Since that overwhelmingly bipartisan vote — in which almost all Democrats in Congress supported the bill — the United States government has established and retained a comprehensive legal framework that gives the President, the military, and the United States Coast Guard (USCG) broad jurisdiction and authority to interdict, board, seize, and, when required, use force against maritime narcotics traffickers, even on the high seas, under certain conditions.
• The 1986 Act (as part of the larger Anti‑Drug Abuse Act of 1986) extended U.S. jurisdiction over vessels suspected of trafficking controlled substances — including foreign-flagged, stateless, or “unflagged” semi-submersible vessels — making such maritime trafficking a federal crime. 
• Under federal law (Title 14, U.S. Code § 522), the Coast Guard has explicit authority to board, search, seize, inspect, arrest — and to employ necessary force — against vessels violating U.S. law on the high seas or within waters subject to U.S. jurisdiction.
• The law also authorizes cooperation with the military: Title 10, U.S. Code § 124 assigns the Department of Defense (DoD) the lead role in detection and monitoring of aerial and maritime drug transit — enabling navy and aerial surveillance in support of interdiction efforts.
• Title 10, U.S. Code § 279 further authorizes Coast Guard law-enforcement personnel to be assigned aboard U.S. naval vessels, effectively transforming Navy assets into law-enforcement platforms when engaged in drug-interdiction operations under U.S. law.
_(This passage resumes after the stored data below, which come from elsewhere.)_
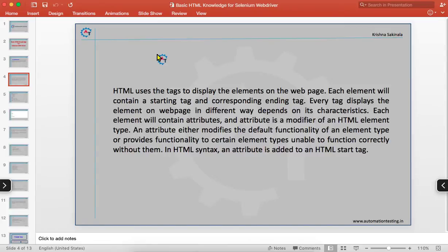As we discussed, HTML uses tags to display elements on the web page. Each element will contain a starting tag and a corresponding ending tag. Every tag displays the element on the web page in a different way depending on its characteristics. Each element will also contain attributes — an attribute is a modifier of an HTML element type. An attribute either modifies the default functionality of an element type or provides functionality to certain element types that are unable to function correctly without them. Elements may contain some attributes, and attributes will give extra information about the element.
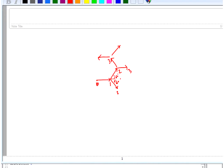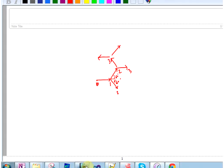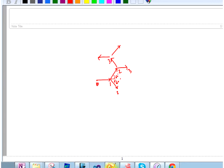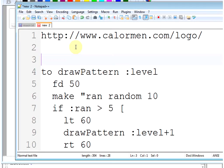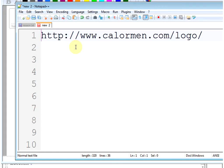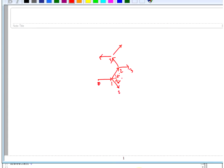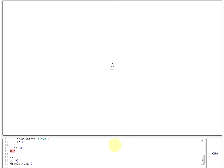We can use recursion to achieve this in Logo. This is a tree recursion because at every node we are trying to go in two directions. The Logo site I'm using is www.calormen.com/logo. Logo uses interesting short commands to get things done.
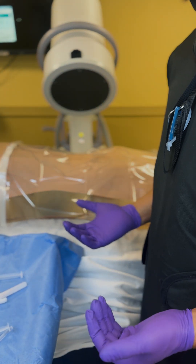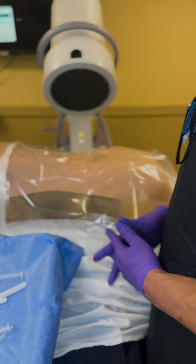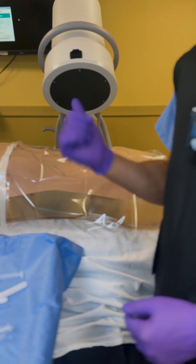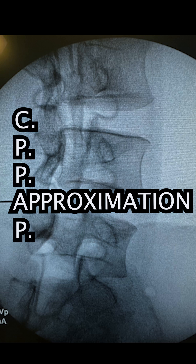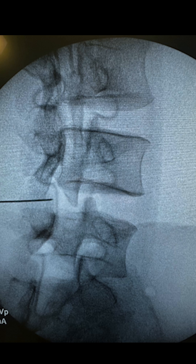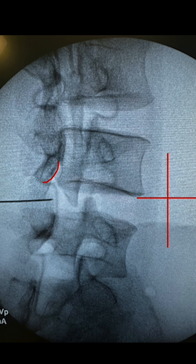Our next step is obtaining a contralateral oblique, or CLO, view. Since our injection is on the left side, we oblique 45 degrees to the right to assess the L4-L5 interlaminar injection. A CLO view is used to assess the depth of the needle, whereas the AP view addresses medial-lateral and superior-inferior positioning. Switching to a CLO view is not as simple as going to 45 degrees, due to variability in individual anatomy. A true CLO view is the angle by which a line parallel to the lamina intersects the midsagittal plane.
Given this legal and operational framework:
• When U.S. intelligence identifies a vessel as part of a known cartel or trafficking network — even if on the high seas or in international waters — and that vessel uses evasive, unflagged, or submersible/semisubmersible craft, the U.S. has lawful authority to intercept, board, and seize or detain the vessel and its occupants under federal law.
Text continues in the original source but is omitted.